WORK INSTRUCTIONS
Reproduce exactly the lines below, from the first through the one containing "2026 Chevrolet Equinox photo 1", and nothing more.

PROVIDED DATA

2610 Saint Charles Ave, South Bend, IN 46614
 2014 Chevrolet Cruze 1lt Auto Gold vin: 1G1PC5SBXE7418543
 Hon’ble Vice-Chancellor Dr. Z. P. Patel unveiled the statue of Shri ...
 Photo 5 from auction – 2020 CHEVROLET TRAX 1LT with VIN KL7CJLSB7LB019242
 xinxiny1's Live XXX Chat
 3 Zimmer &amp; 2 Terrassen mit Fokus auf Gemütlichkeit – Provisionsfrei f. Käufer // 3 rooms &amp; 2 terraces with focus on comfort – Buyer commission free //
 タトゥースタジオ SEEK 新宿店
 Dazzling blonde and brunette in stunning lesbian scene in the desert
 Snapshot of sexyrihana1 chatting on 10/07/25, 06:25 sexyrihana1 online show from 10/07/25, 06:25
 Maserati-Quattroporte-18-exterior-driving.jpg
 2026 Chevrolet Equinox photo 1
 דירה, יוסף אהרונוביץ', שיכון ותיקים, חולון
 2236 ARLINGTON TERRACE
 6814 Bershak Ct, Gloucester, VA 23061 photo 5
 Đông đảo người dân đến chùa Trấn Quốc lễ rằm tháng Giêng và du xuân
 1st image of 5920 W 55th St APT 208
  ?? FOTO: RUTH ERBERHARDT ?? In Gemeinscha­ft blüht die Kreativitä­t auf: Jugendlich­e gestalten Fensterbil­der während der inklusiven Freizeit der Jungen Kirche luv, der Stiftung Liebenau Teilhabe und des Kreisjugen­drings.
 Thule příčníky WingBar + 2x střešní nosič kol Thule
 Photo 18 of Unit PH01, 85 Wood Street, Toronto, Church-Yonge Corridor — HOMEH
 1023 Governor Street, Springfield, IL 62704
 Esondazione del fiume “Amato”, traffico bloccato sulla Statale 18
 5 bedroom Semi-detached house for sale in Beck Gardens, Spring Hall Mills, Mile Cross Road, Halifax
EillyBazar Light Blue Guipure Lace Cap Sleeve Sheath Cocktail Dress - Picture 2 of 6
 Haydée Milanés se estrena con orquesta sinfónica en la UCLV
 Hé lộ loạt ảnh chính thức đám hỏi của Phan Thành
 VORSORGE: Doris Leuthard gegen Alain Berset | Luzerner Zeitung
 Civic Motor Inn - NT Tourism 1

ANSWER BOX
2610 Saint Charles Ave, South Bend, IN 46614
 2014 Chevrolet Cruze 1lt Auto Gold vin: 1G1PC5SBXE7418543
 Hon’ble Vice-Chancellor Dr. Z. P. Patel unveiled the statue of Shri ...
 Photo 5 from auction – 2020 CHEVROLET TRAX 1LT with VIN KL7CJLSB7LB019242
 xinxiny1's Live XXX Chat
 3 Zimmer &amp; 2 Terrassen mit Fokus auf Gemütlichkeit – Provisionsfrei f. Käufer // 3 rooms &amp; 2 terraces with focus on comfort – Buyer commission free //
 タトゥースタジオ SEEK 新宿店
 Dazzling blonde and brunette in stunning lesbian scene in the desert
 Snapshot of sexyrihana1 chatting on 10/07/25, 06:25 sexyrihana1 online show from 10/07/25, 06:25
 Maserati-Quattroporte-18-exterior-driving.jpg
 2026 Chevrolet Equinox photo 1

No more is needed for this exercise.